*Exercise aim*: In the entries below, the lines from the one with "Tundra Lapbook for" through the one with "Terrigal Shore dive" are to be copied exactly; both ends count.

*Data to use*:
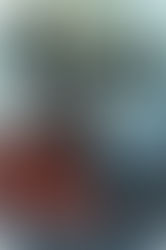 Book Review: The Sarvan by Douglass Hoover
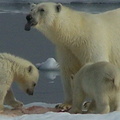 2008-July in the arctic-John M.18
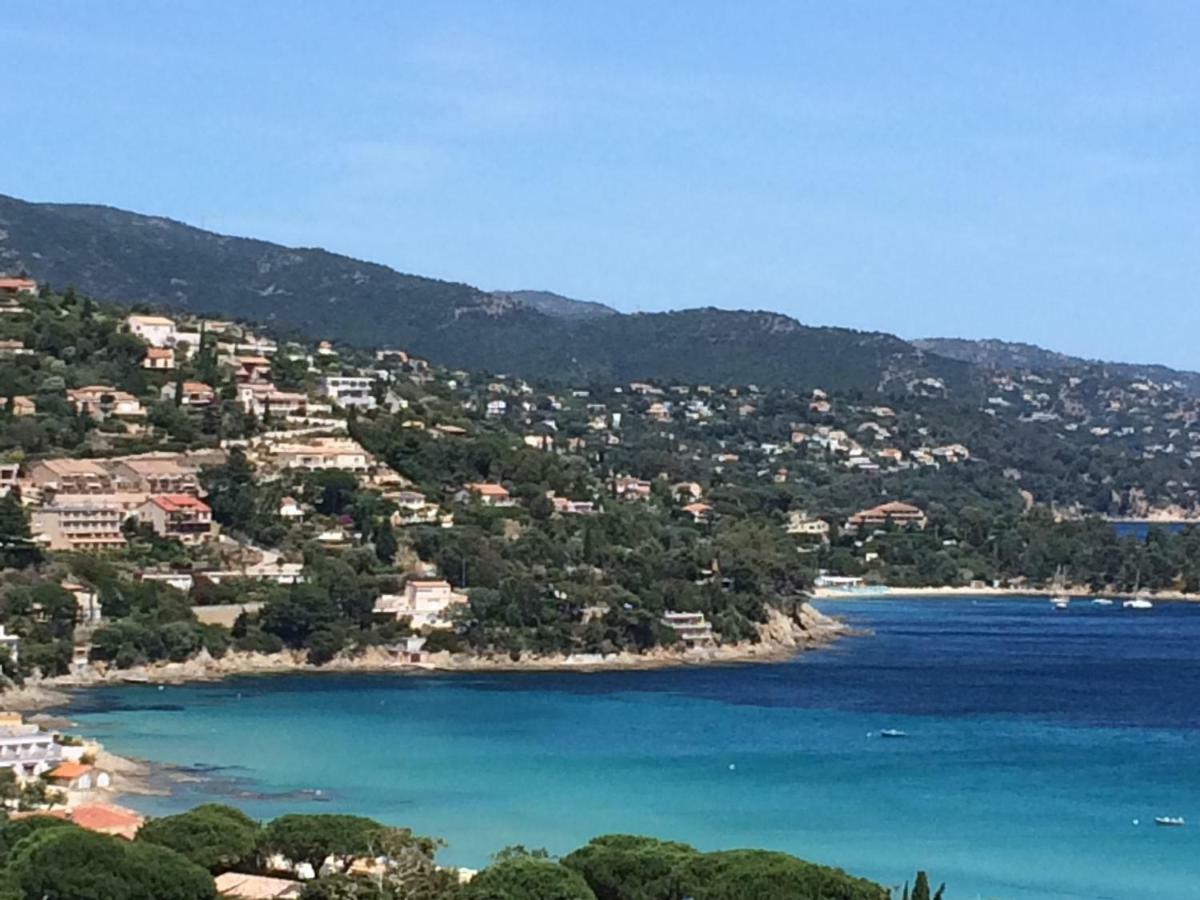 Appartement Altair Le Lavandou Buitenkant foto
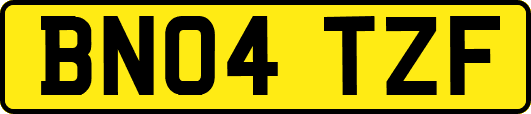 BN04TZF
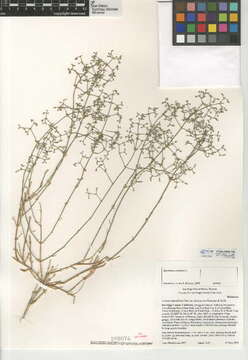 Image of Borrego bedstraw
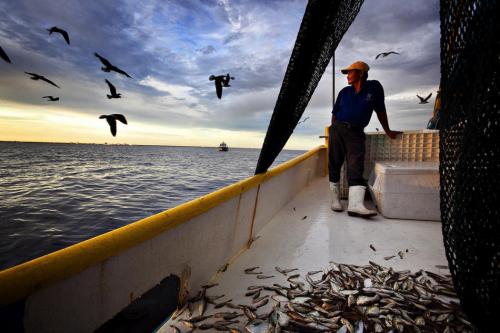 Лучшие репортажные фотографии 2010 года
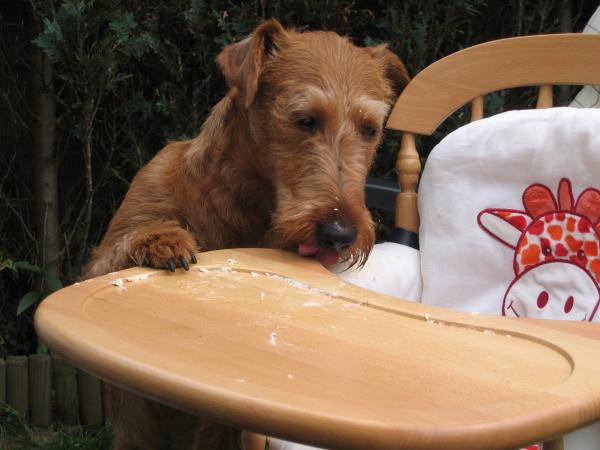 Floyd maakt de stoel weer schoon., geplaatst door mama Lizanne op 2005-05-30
---
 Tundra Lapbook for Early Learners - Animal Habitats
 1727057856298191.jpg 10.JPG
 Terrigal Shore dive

*Answer box*:
 Tundra Lapbook for Early Learners - Animal Habitats
 1727057856298191.jpg 10.JPG
 Terrigal Shore dive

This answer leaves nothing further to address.